As an IT executive, your ability to influence others in the workplace is an essential component of professional success. Just think of all the times you need the assistance or approval of your C-suite peers to achieve your objectives.
This includes everything from gaining the support of your business partners on an important IT initiative or facilitating companywide adoption of a recently implemented technology to raising the awareness of cybersecurity threats or convincing a vendor to give you their best consultants. The list goes on and on.
Here are seven techniques that will help you maximize your influence in the workplace.
1. Action Reaction
With this influence technique, as the name suggests, you act in a specific way with the goal of getting others to also act in a particular way. To quote Steve Jobs, “A leader leads by example, whether he intends to or not.” The best way to get your IT team to act in specified ways, such as driving innovation or providing proactive internal customer service, is to exhibit those actions yourself.
2. Ad Hoc Committee Leadership
When an ad hoc committee begins, it follows the same four stages of group development as formalized permanent teams. These four stages, based on research by Bruce Tuckman in 1965, are forming, storming, norming, and performing.
Therefore, when an ad hoc group first begins, if you take an early leadership role, simply by handling the group’s logistics (when and where the group meets, the meeting agenda, etc.), this initial leadership role begins to solidify the group’s culture, referred to as “norming” in Tuckman’s model. If this normalization has you as the initial group’s leader, there is a high probability that it will continue through the life of the ad hoc committee.
Also, because the people in the committee are most likely colleagues that you work with in other ways, your leadership role in the ad hoc committee can carry forward into other professional interactions with these same individuals.
3. Vendor Motivation
The best way to get your vendor’s best support is by being their best customer. I don’t mean in regard to your purchasing volume, which certainly helps; I mean by providing them the non-financial things they want most. For larger vendors, these may be a customer reference for their website, speaking at their user group conference, referrals to other potential customers, participating in their beta program, or other related items. For smaller vendors, it could simply be paying your invoice quickly to help enhance their cash flow.
These types of non-financial activities can motivate your vendors to return your commitment to their company’s wellbeing by providing you their best consultants, adding your needed feature into the next release of their software, or simply by making sure to answer the phone when you call.
4. Problem/Vision Adoption
Circa 1985, I read a Salada tea label that said, “The art of politics is letting other people have things your way.” This is the essence of problem/vision adoption. That is to say, rather than by trying to influence someone to assist you in meeting your objective, get them to believe that it’s their objective also. Get the person (or group) to believe the problem you are trying to correct is also their problem and make your vision to correct it also their vision to correct it.
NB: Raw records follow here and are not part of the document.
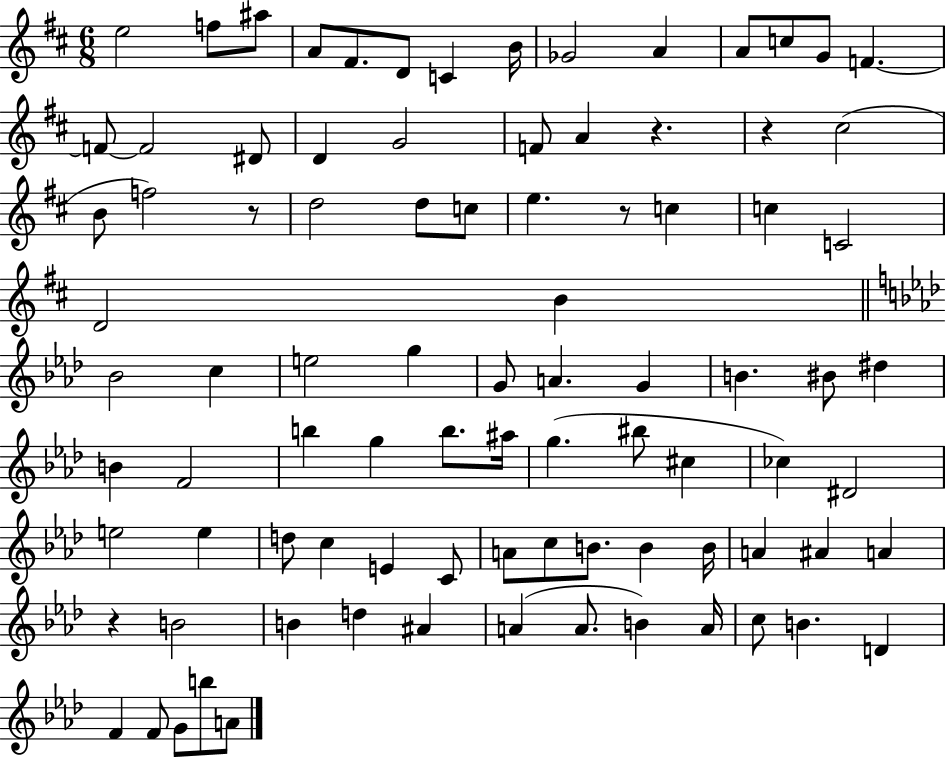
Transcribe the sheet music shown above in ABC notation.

X:1
T:Untitled
M:6/8
L:1/4
K:D
e2 f/2 ^a/2 A/2 ^F/2 D/2 C B/4 _G2 A A/2 c/2 G/2 F F/2 F2 ^D/2 D G2 F/2 A z z ^c2 B/2 f2 z/2 d2 d/2 c/2 e z/2 c c C2 D2 B _B2 c e2 g G/2 A G B ^B/2 ^d B F2 b g b/2 ^a/4 g ^b/2 ^c _c ^D2 e2 e d/2 c E C/2 A/2 c/2 B/2 B B/4 A ^A A z B2 B d ^A A A/2 B A/4 c/2 B D F F/2 G/2 b/2 A/2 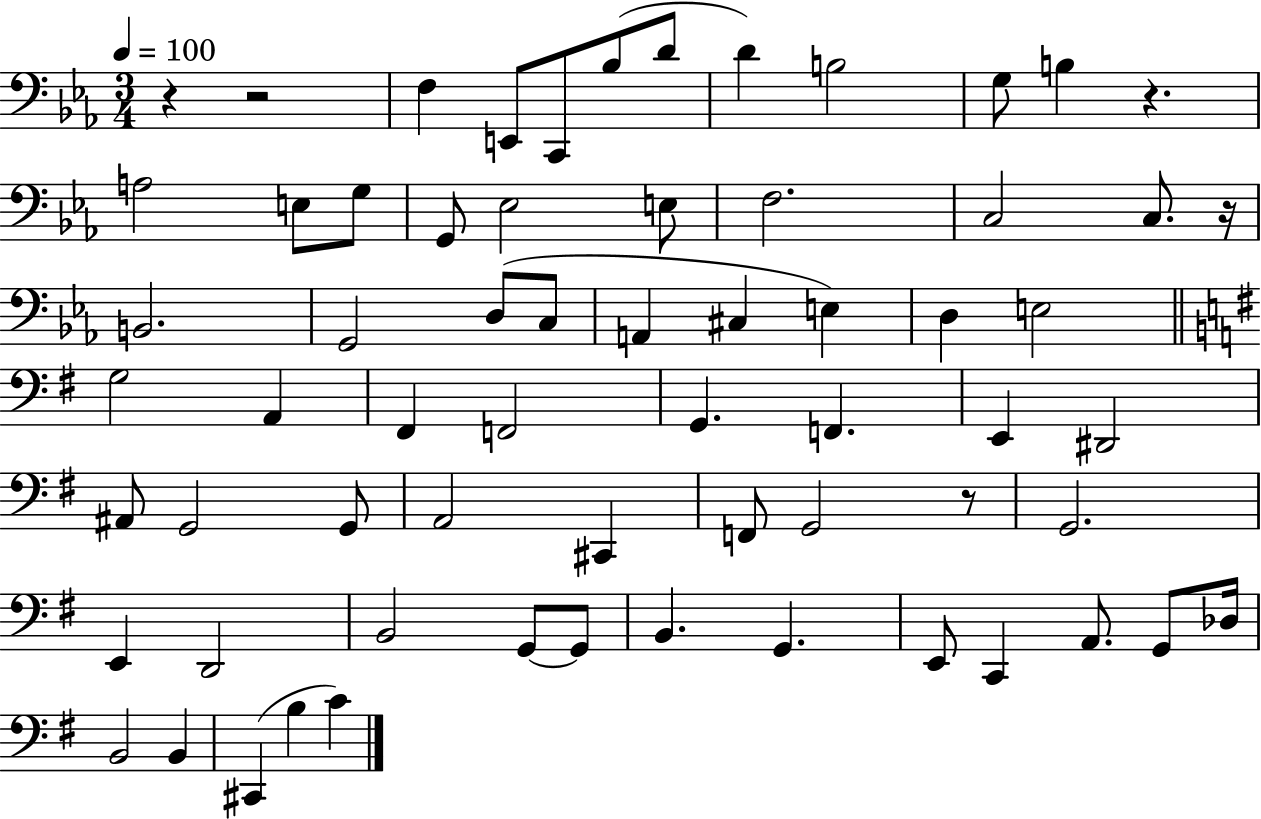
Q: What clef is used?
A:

If your vision becomes their vision, then further influence isn’t needed, and you are now working together toward a common objective.
5. Taking the high road
If you position what you are trying to do as good for the employees, your company, your customers, or the world, it’s hard to disagree with you. For example, say your IT group is currently supporting four different, but similar, data visualization tools, and you would like to consolidate to a single tool. If you present the consolidation as a way to increase company profitability, allow employees to more easily transfer to different parts of the company, and enhance senior management reporting, it’s harder for people to disagree with your initiative than if you simply describe it as cost cutting.
6. Business first, technology second
Describing an IT initiative from a business perspective first helps those outside of IT to understand its business value and impact and they will be more more willing to support it. For example, rather than name a CRM upgrade project “CRM 3.2 Upgrade,” name it “Enhanced CRM Customer Analytics.” This simple name change makes it much more likely that those interested in customer analytics will support your project. If you then deploy technique #5 and describe the project as a way to increase sales, market share, and competitive advantage, the project becomes much more difficult to argue against.
7. Influential Presence
The first six influence techniques can each be very effective in influencing others in the workplace, but only if the right people are listening. To fully employ the power of these first six techniques, you must also enhance your personal influential presence. That is to say, the more you are personally respected, the greater your organizational clout, the stronger your professional reputation, and the more likely that people will take you seriously and follow your influential direction.
Once you’ve mastered these techniques, share them with those on your team. Helping your high-potentials enhance their influential presence and providing them instruction on how to influence their business partners and project stakeholders will help you build a more efficient and effective IT organization.